Rule of Thirds
This week marked the completion of a suite of 6 new prints at Santo Press. The process was quite involved and complicated. I first made a series of 11 gouache paintings using a rainbow of colors in series of 3 bands of stripes. This led me to consider making a print of the bands of stripes. I carved a piece of linoleum with 30 stripes and printed it by hand in my studio in black ink. The flat color looked very nice, but it didn’t have the texture/tonality I wanted to achieve.
I decided to make a rubbing of the linoleum block (with a black crayon) which gave me the texture I wanted. Several rubbings of the linocut were made and then photographed and stacked vertically in Photoshop. They were then manipulated and cleaned as much as possible. My manipulations looked good to me, but when it came time to actually create high res digital files to use as the cutting matrix for both laser-cut and photpolymer plates they were not usable.
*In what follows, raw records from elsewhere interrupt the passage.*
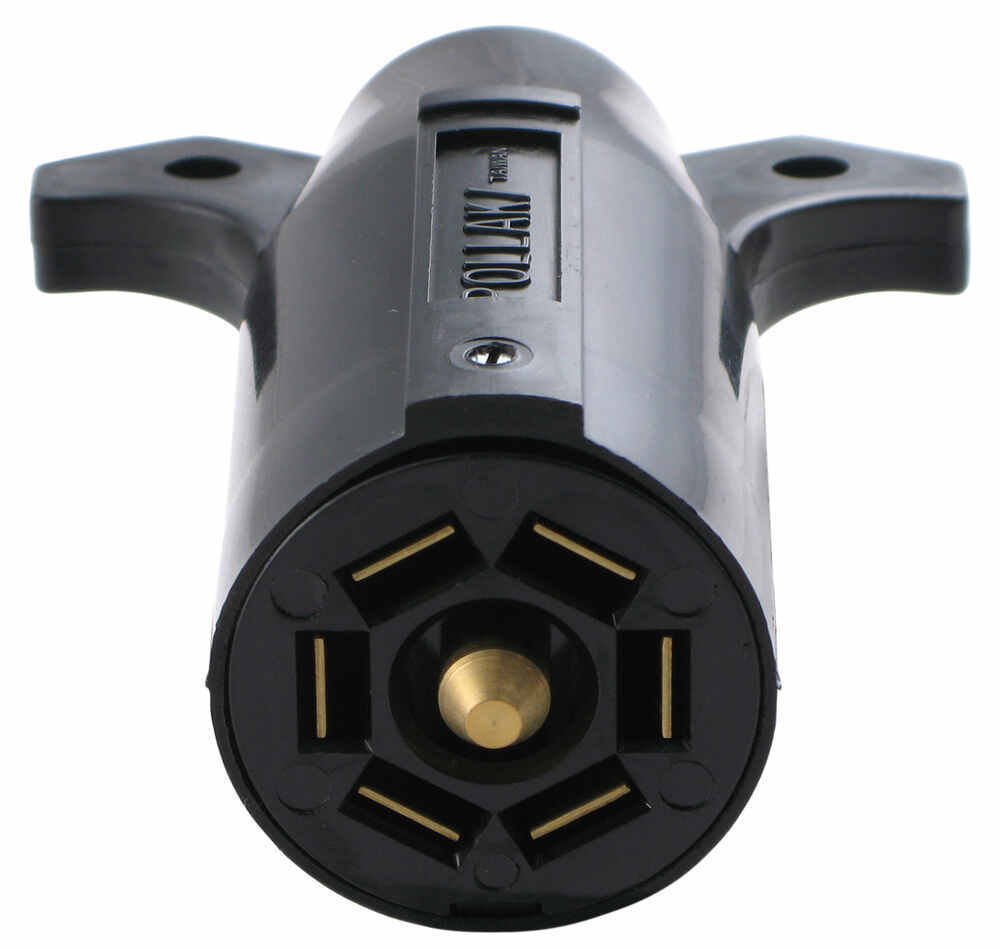 Pk12706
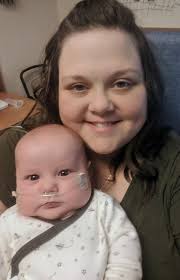 Cloverleaf Elementary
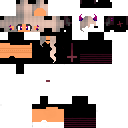 Texture for 202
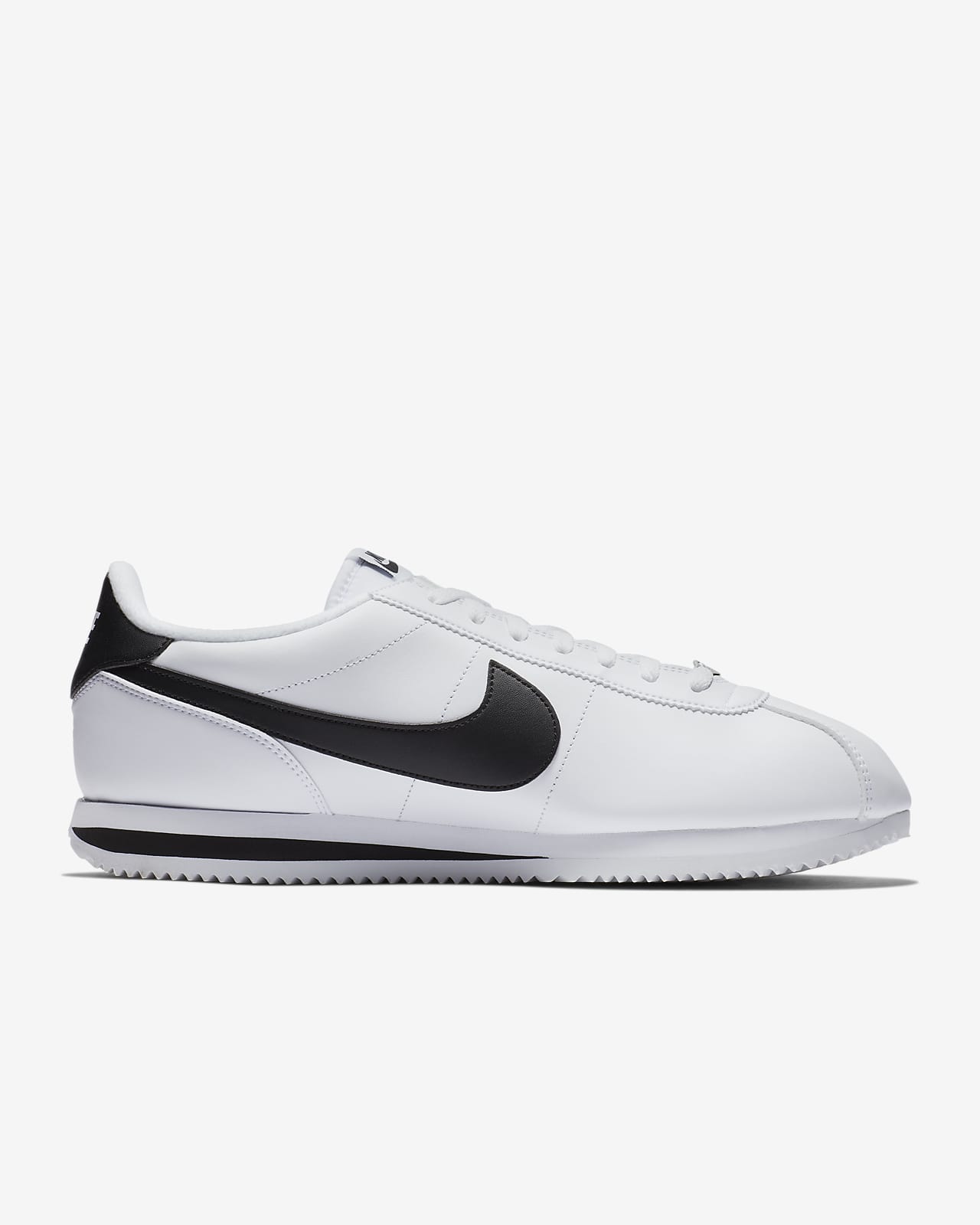 nike cortez estandar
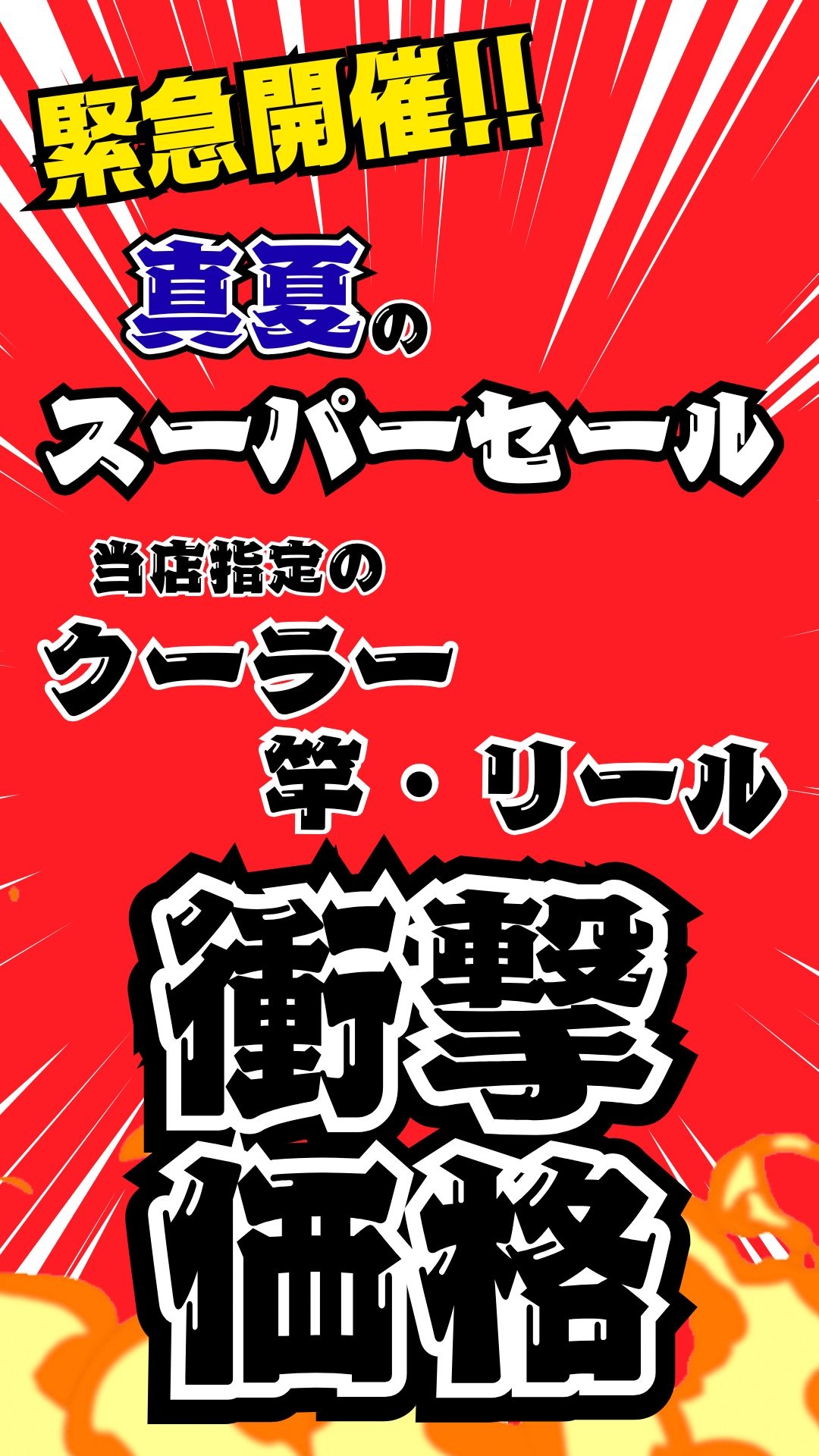 11f53bd5704ea8191f8afb9a3ec0dc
Brent took over and did a much better job. No mystery there…he has mad computer skills and I am merely a novice.
There are two suites of Rule of Thirds prints; each set has a 1-color print (black and white) and two multicolor prints. Rule of Thirds I, II and III are printed with a key block (laser-cut MDF) printed on top of 3 different colored bands of flat color. Rule of Thirds IV, V, and VI are 3-color photopolymer relief prints. All 6 are printed in an edition of 10, image size 12″ x 18″ on Somerset paper 22″ x 15″.
Below are some photos to give you a sense of how this suite of prints developed from paintings to finished prints.
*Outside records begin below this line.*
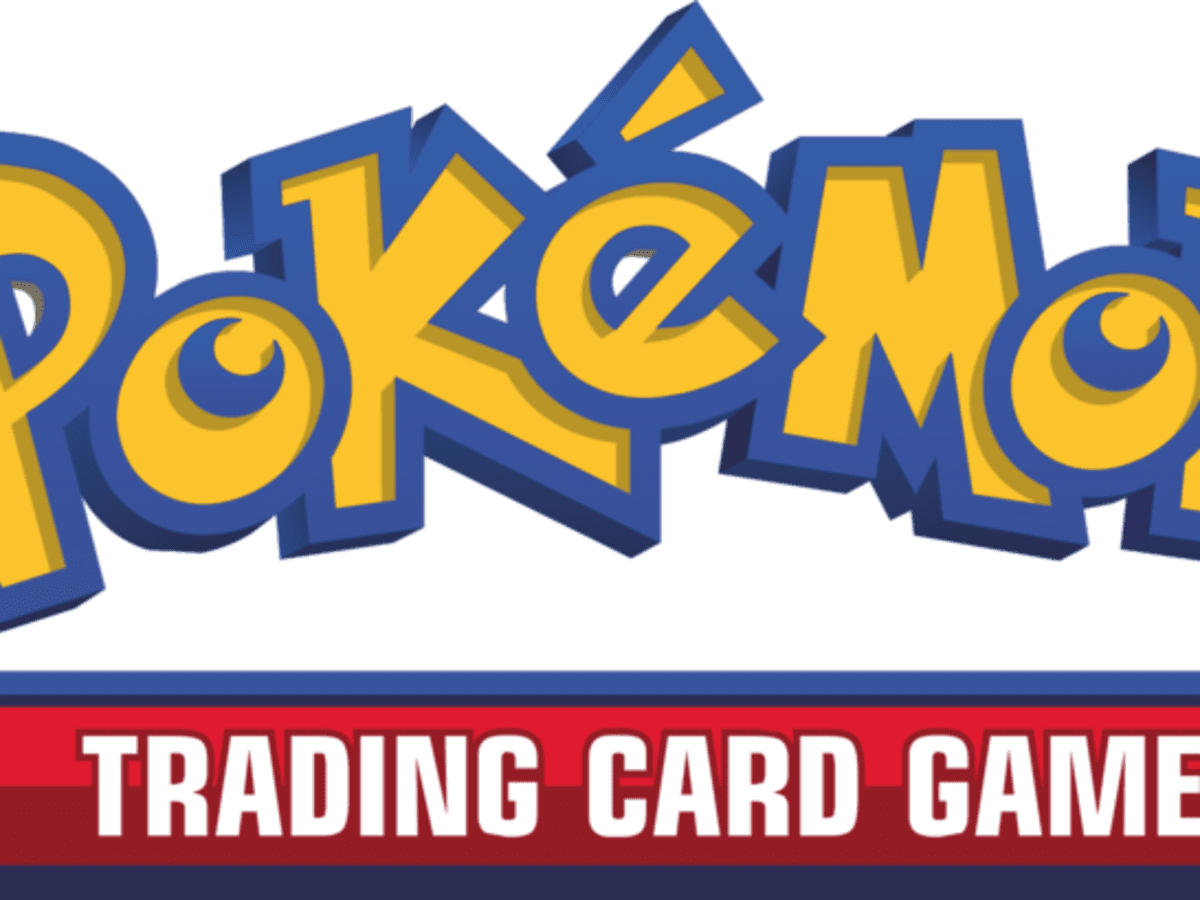 Afgang Odds kapitel How to Play the "Pokémon Trading Card Game" (For Dummies) - HobbyLark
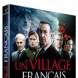 Un Village Fran�ais sort en DVD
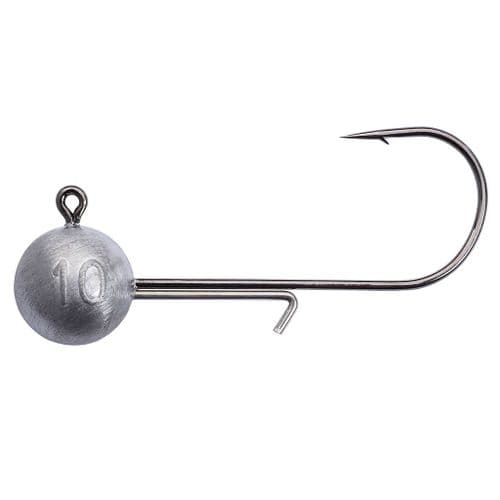 Berkley Fusion19 Round Jigheads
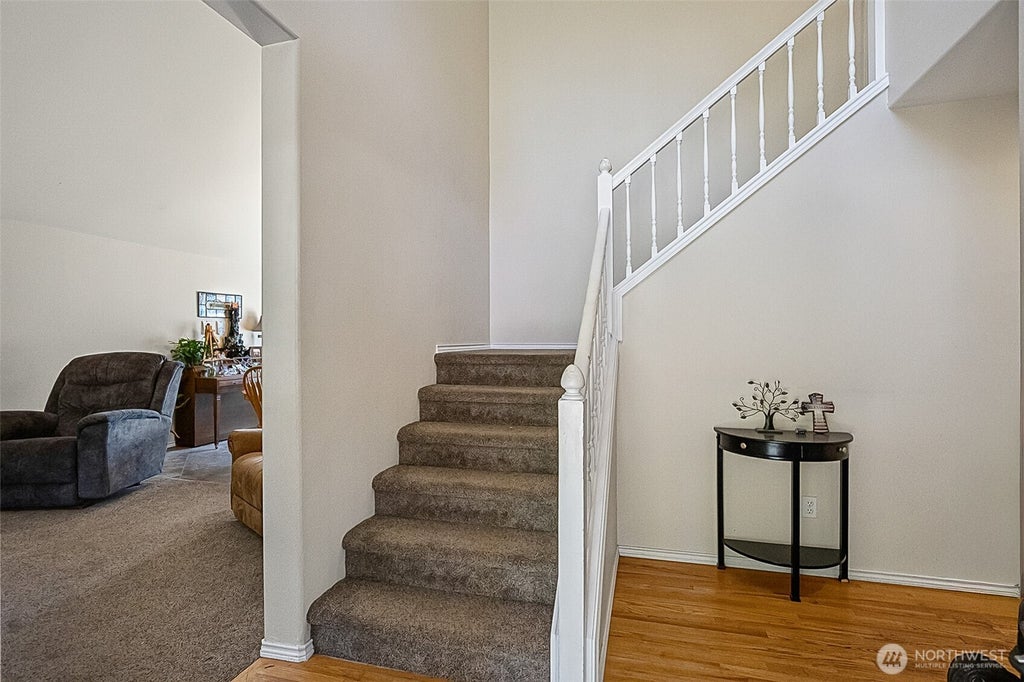 Photo of 12110 29th Avenue SE, Everett, WA 98208 (MLS # 2569527)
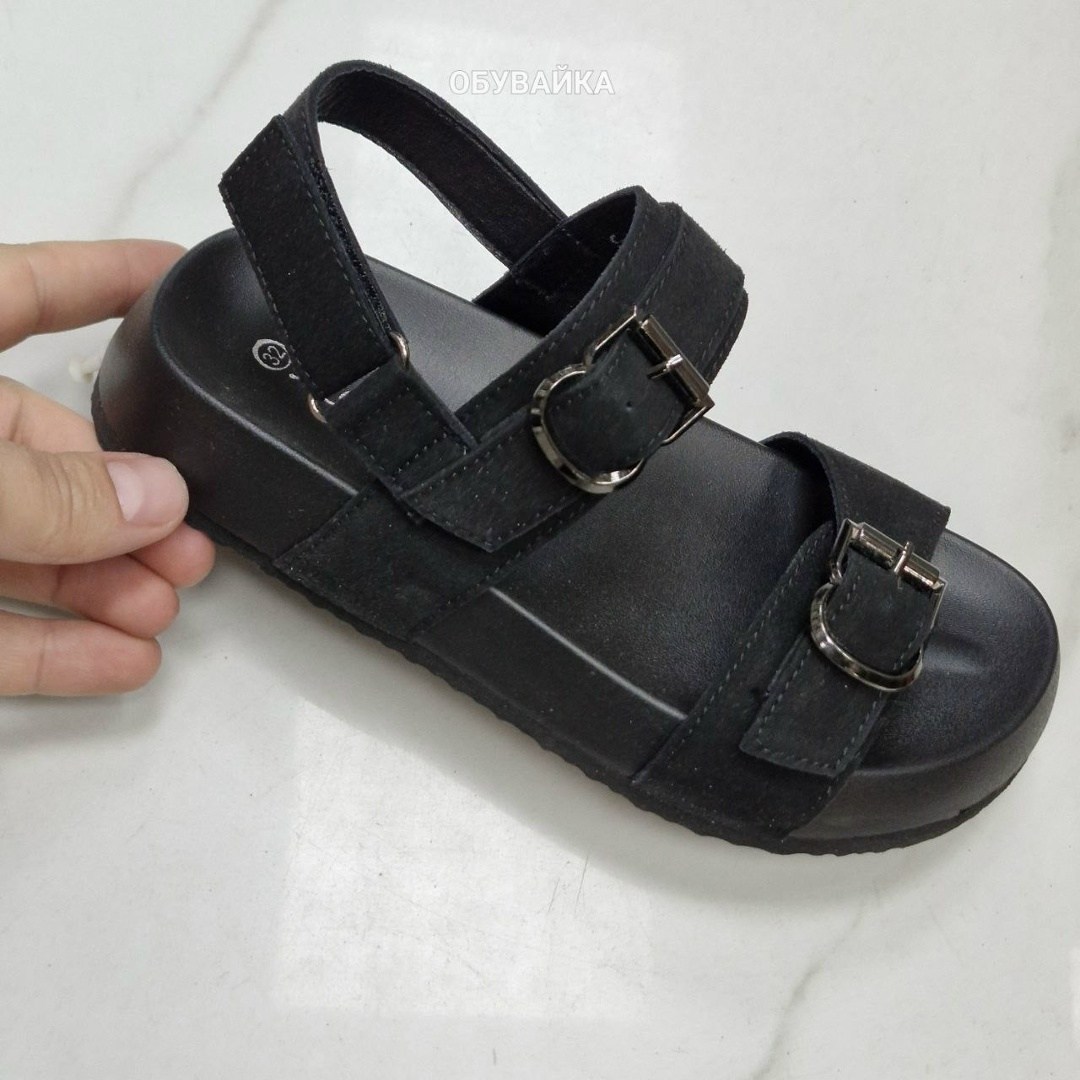 ,сандалии,сандалии женские,босоножки женские,босоножки cандалии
One of a series of 11 gouache Stripe paintings.
The first hand-pulled linocut I printed in my studio. Unique print, 2016, 12″ x 18″ on Kitikata paper.
One of the many rubbings made from the linocut. Don’t even ask how many of these I made before I was satisfied!
2 (of the eventual 3 colors per print) to proof at Santo Press. The color bands were printed on top of the key to aid in registration and to get a good sense of what the colors looked like with black.
Color mixing at Santo Press for Rule of Thirds III.
More color mixing at Santo Press for Rule of Thirds editions V and VI shown in conjunction with striped gouache paintings.